Whichever method of producing the resin is used, the final product is an aqueous solution of a water-soluble thermosetting resin based on tris(2-aminoethyl)amine having a viscosity generally within the range of 10 to 1000 cps at room temperature and a pH of about 2 to about 8 and containing 2 to 50% by weight, preferably 20 to 30%, of solids which is suitable for addition to a paper making furnish, in combination with an alkyl ketene dimer, to improve the rate at which the latter reacts with the cellulosic fibers. The resin and the alkyl ketene dimer may be added separately to the paper furnish or may be premixed before addition. The amount added should, in either case, be from 0.01 to 1.5% of the resin and from 0.04 to 0.5% of the alkyl ketene dimer, both percentages being by weight based on the total weight of the produced paper.
It is within the scope of the invention to include in the materials to be included in the paper furnish not only the alkyl ketene dimer sizing agent, and the novel sizing accelerators described above, but also other compatible ingredients normally used in the formulation of dispersions of ketene dimers, e.g. cationic starch and other cationic resins normally used as emulsifiers for alkyl ketene dimers, wet strength agents, retention aids, dispersants and biocides.
The water-soluble thermosetting polymers of the present invention are useful in conjunction with alkyl ketene dimer sizes. The ratio of polymer to alkyl ketene dimer is usually 1:3 to 3:1. The polymers improve the rate of sizing development, the resistance of the paper to warm aqueous liquids, and the retention of ketene dimer during papermaking.
The following Examples illustrate the invention.

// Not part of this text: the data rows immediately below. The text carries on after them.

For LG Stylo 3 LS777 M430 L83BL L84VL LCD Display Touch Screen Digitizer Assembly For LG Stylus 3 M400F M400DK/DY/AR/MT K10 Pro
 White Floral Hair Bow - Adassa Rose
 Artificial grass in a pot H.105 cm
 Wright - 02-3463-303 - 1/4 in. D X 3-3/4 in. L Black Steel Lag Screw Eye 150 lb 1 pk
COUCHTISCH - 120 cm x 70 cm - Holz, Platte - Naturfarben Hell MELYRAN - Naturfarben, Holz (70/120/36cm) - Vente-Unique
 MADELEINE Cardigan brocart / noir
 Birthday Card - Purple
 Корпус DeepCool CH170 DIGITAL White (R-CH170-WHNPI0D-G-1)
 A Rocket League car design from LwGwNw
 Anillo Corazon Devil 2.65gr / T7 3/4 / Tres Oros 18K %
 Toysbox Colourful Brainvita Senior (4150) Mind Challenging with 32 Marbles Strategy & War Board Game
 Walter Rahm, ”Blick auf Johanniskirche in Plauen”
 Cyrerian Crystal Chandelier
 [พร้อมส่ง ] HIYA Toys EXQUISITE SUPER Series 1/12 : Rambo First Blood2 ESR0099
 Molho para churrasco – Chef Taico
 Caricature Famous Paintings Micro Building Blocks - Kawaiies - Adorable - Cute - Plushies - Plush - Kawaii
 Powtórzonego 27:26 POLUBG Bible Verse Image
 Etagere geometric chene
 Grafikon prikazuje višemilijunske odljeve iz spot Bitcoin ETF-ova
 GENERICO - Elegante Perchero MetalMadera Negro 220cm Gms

To a 250 ml round-bottom flask equipped with heating mantle, a mechanical stirrer, reflux condenser, contact thermometer and dropping funnel was added 22.35 g tris(2-aminoethyl)amine (0.15 mole). Concentrated hydrochloric acid (36%) was added very carefully over 1 hour. The temperature was maintained between 10°C-25°C by immersion in an ice/water bath. A total of 63.87 g of acid (0.63 mole) was required to solubilize the amine salt. To this was added 37.8 g (0.45 mole) dicyandiamide and 45.15 g of 29.9% formaldehyde solution (0.45 mole). The reaction mixture was heated at reflux for 2 hours after which time a further 7.52 g formaldehyde solution (0.075 mole) was added. The reaction mixture was maintained at reflux for a further 30 minutes after which time 7.52 g of formaldehyde solution (0.075 mole) was added. The reaction mixture was maintained at reflux for 1 hour before cooling to room temperature. The final product consisted of a syrupy liquid of 52.1% by weight solids content.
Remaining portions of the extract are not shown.